***** Available data *****

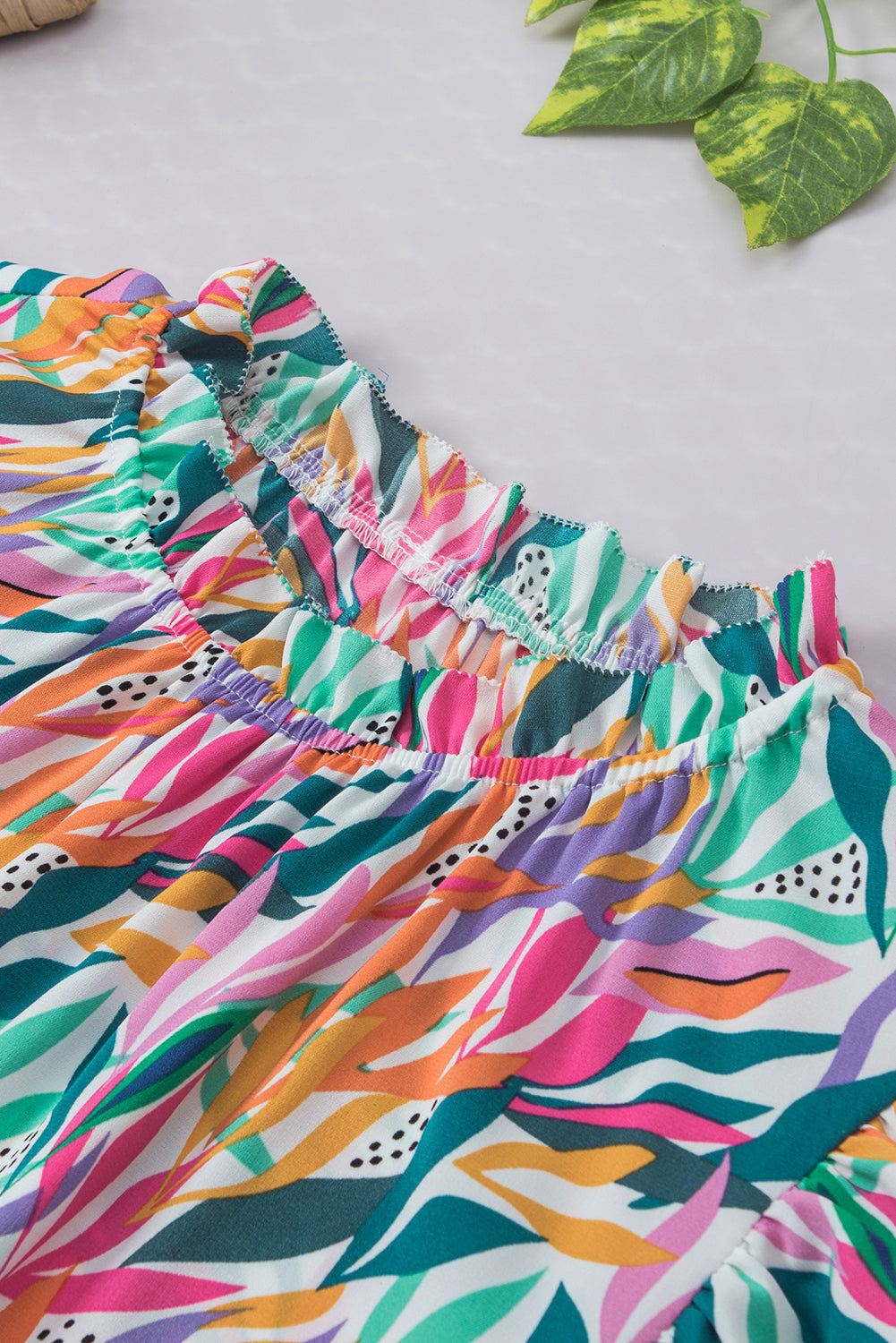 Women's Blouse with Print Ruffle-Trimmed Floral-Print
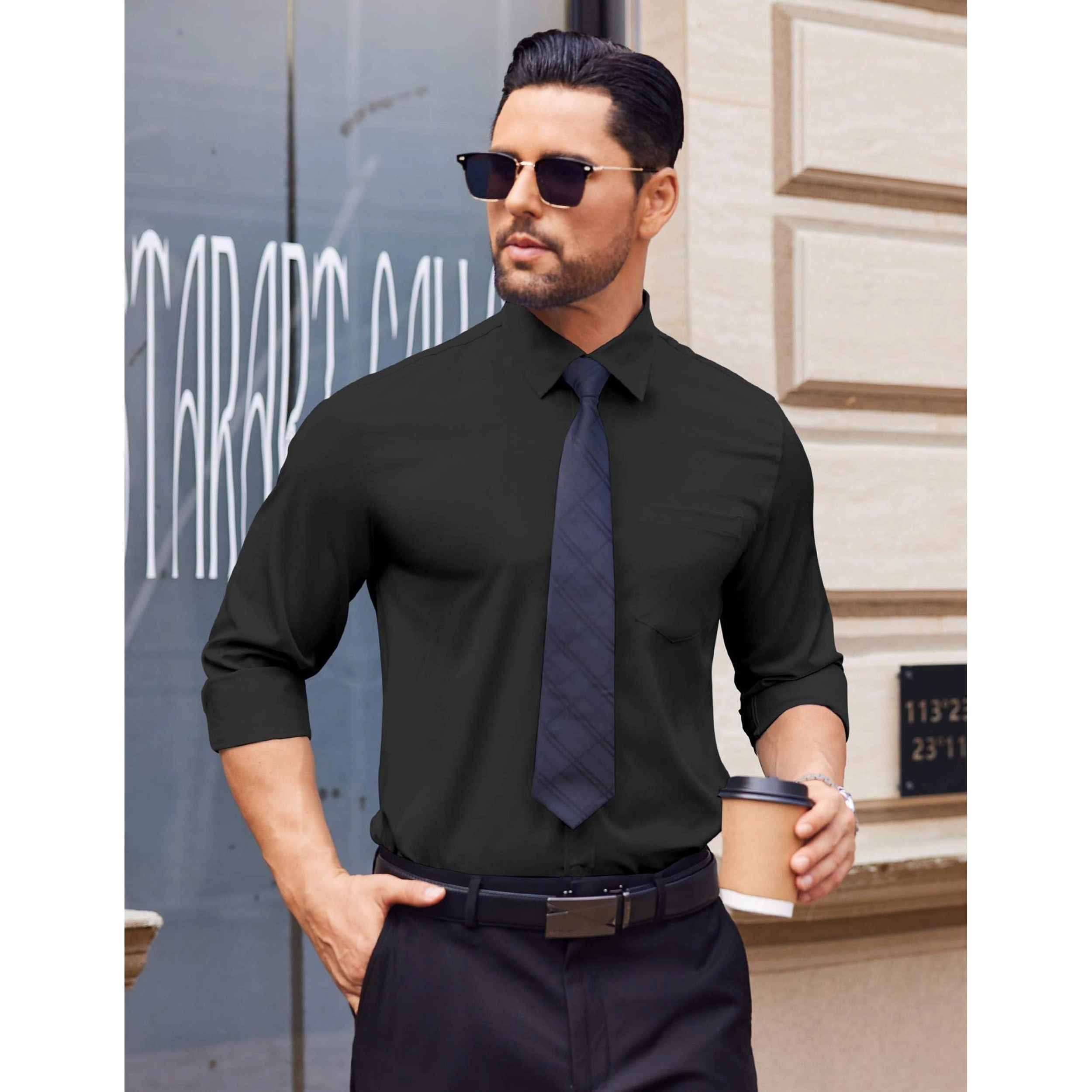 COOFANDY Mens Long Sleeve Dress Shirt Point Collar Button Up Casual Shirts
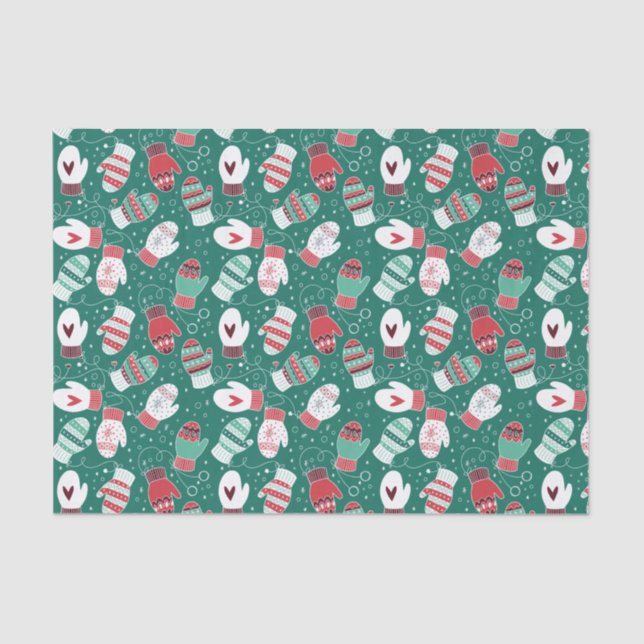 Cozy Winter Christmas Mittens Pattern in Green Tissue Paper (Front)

*****

**Your instructions**
The images are to be left out; every line above should be set down exactly.

**Answer to this exercise**
 Women's Blouse with Print Ruffle-Trimmed Floral-Print
 COOFANDY Mens Long Sleeve Dress Shirt Point Collar Button Up Casual Shirts
 Cozy Winter Christmas Mittens Pattern in Green Tissue Paper (Front)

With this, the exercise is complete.